Ma veniamo a noi e facciamo un passo indietro. Iniziamo col chiederci se esistono delle ragioni per cui le situazioni dei due “emeriti”, Ratzinger e Zingaretti, possano essere paragonate. Entrambi si sono dimessi con magna sorpresa di tutti e con il presagio di tante amarezze per non pochi. Chi crede che sia solo Renzi a dover “stare sereno” vede solo la punta dell’iceberg. Entrambi hanno in qualche modo tracciato la strada per la loro successione, puntando su dei “panchinari” di lusso, dall’aspetto mite, ma molto determinati e con le mani meno legate delle loro. Entrambi avevano un grosso problema, le correnti interne e la gestione dei denari. Se Oltretevere il problema erano anche e soprattutto gli appetiti legati alla gestione delle finanze vaticane e dello Ior, il problema interno al Pd (e non solo) sarà quello degli appetiti legati alla gestione del “Next Generation EU”, i 209 miliardi in arrivo dall’Europa.

E adesso facciamo un passo avanti.
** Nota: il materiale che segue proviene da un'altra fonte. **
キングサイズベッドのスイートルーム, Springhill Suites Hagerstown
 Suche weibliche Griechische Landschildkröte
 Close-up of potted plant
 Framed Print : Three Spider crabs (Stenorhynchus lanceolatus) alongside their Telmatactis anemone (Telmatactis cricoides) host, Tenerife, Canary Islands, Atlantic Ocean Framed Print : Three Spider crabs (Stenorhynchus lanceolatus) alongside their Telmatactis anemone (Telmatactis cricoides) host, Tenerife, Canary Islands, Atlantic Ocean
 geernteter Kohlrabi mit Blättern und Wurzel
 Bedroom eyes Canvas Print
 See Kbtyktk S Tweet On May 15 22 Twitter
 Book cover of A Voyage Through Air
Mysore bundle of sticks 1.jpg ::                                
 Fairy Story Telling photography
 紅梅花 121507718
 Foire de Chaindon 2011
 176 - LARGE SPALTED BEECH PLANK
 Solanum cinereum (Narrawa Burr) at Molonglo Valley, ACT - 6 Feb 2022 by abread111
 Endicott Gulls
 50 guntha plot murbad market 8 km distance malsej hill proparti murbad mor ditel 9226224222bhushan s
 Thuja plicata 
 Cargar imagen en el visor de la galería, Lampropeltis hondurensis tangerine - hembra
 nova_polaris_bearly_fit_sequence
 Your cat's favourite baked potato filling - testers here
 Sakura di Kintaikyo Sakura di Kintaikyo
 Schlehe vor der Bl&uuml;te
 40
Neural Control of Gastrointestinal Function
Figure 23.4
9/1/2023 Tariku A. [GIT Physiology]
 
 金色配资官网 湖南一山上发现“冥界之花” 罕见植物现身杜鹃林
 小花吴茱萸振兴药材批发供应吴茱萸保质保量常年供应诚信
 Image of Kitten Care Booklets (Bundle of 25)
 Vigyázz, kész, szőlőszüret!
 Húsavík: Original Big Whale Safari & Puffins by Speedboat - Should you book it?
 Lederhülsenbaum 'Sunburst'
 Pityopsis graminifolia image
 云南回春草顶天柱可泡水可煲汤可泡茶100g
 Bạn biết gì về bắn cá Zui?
Il primo passo di Papa Francesco è stato quello di spogliarsi dei simboli del potere terreno, dall’abbigliamento sfarzoso, ai gioielli ingombranti, alle auto di rappresentanza, alle residenze di lusso. Il tutto per riavvicinare i credenti alla Chiesa, rivoluzionando nelle forme e nella sostanza l’identità del Vaticano e facendosi non pochi nemici all’interno delle gerarchie ecclesiastiche. Il primo discorso di Enrico Letta è stato improntato sulla necessità di riavvicinare i giovani -con un endorsement, guardacaso, a Papa Francesco- e le varie “anime” del centrosinistra al Pd e soprattutto quello di smetterla di essere “il partito del potere” (che tradotto dal politichese, significa, smetterla di essere percepiti come tali). Fin qui solo parole, ma chi cerca di intravedere affinità e divergenze fra i due “Enrico”, Berlinguer e Letta, mettendo sotto la lente di ingrandimento i discorsi del segretario più amato del vecchio Pci, credo stia commettendo un errore. Forse sarebbe più opportuno tenere d’occhio l’emerito, Zingaretti, per comprendere quali saranno le prossime mosse di Letta. Che non è solo colui che dovrà rivoluzionare il partito, non è solo il protagonista di un nuovo corso come lo è stato Bergoglio, ma è anche una vittima della vecchia politica. Che in fondo, tanto bella non è, con buona pace di Veltroni. E questo chi ha pagato il prezzo delle proprie (ed altrui) scelte sulla sua pelle lo sa bene. La maturazione di un essere umano -figuriamoci di un leader-, in fondo, consiste anche nel saper distinguere tra vendetta e giustizia, tra avversari e nemici, tra politica ed affari.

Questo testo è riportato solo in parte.